### INFORMATION PROVIDED
================

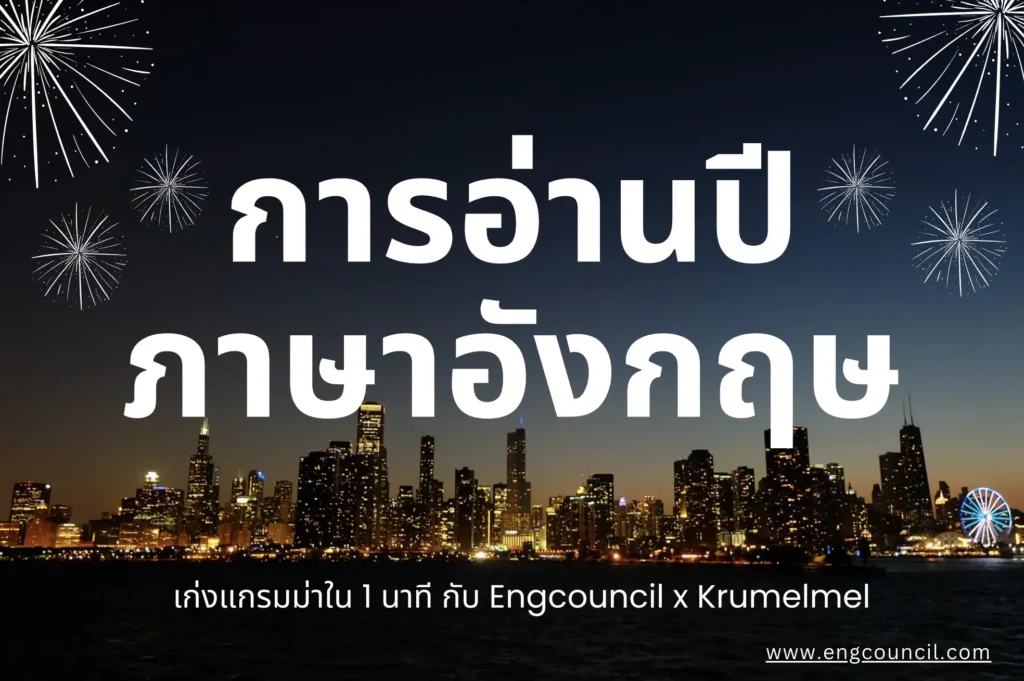 การอ่านปี ภาษาอังกฤษ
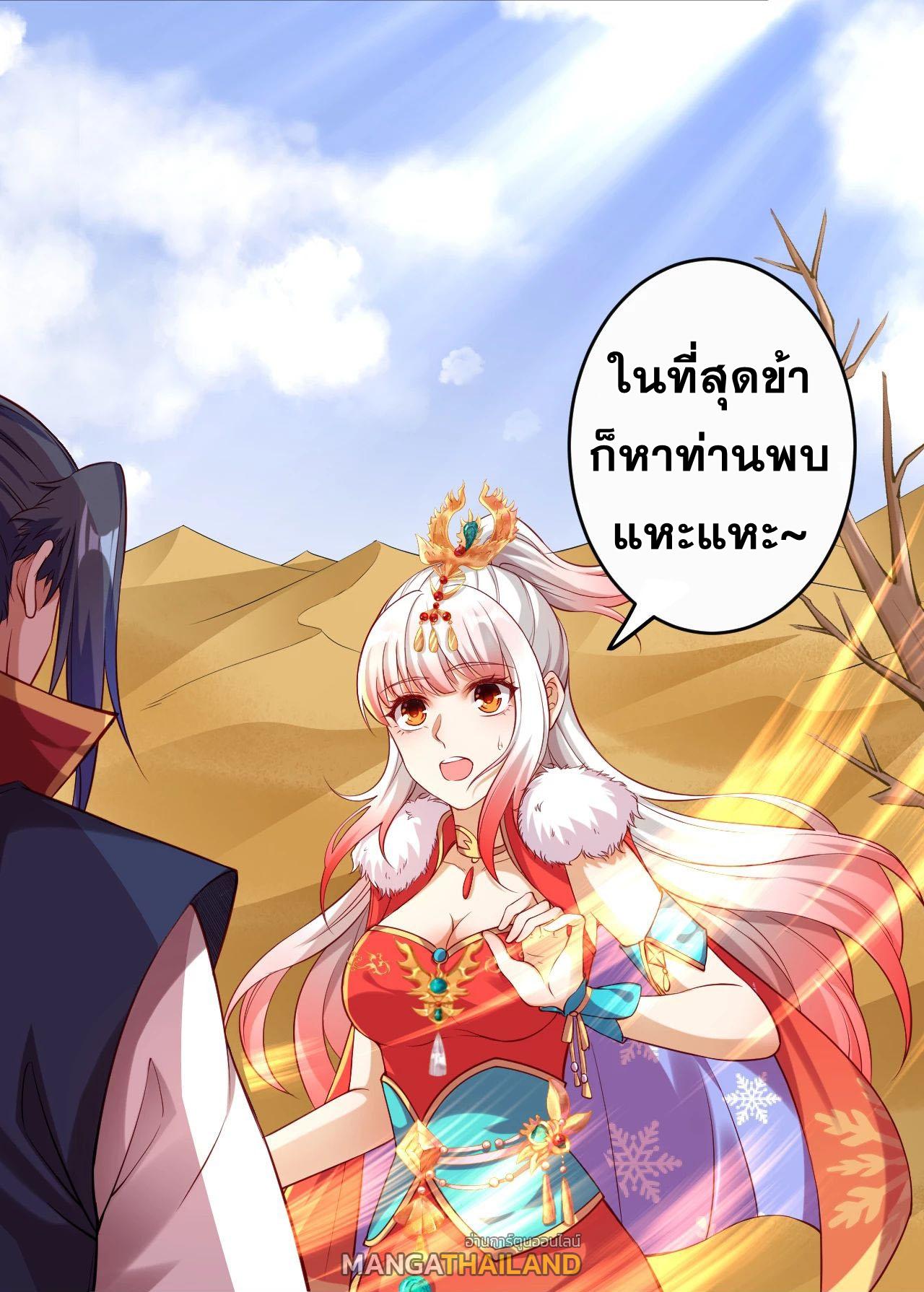 Against the Gods ตอนที่ 262 แปลไทย รูปที่ 1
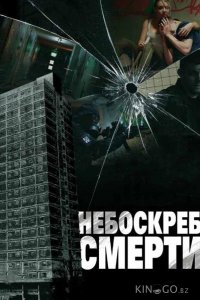 Небоскреб смерти 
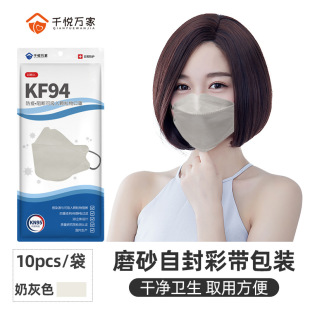 ǧ���f�ҳ��˃�ͯ���� һ����KF943D ���o͸����m����һ���Կ���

================

### EXERCISE PROMPT
An exact copy of the material above is required, free of any pictures.

### EXERCISE SOLUTION
 การอ่านปี ภาษาอังกฤษ
 Against the Gods ตอนที่ 262 แปลไทย รูปที่ 1
 Небоскреб смерти 
 ǧ���f�ҳ��˃�ͯ���� һ����KF943D ���o͸����m����һ���Կ���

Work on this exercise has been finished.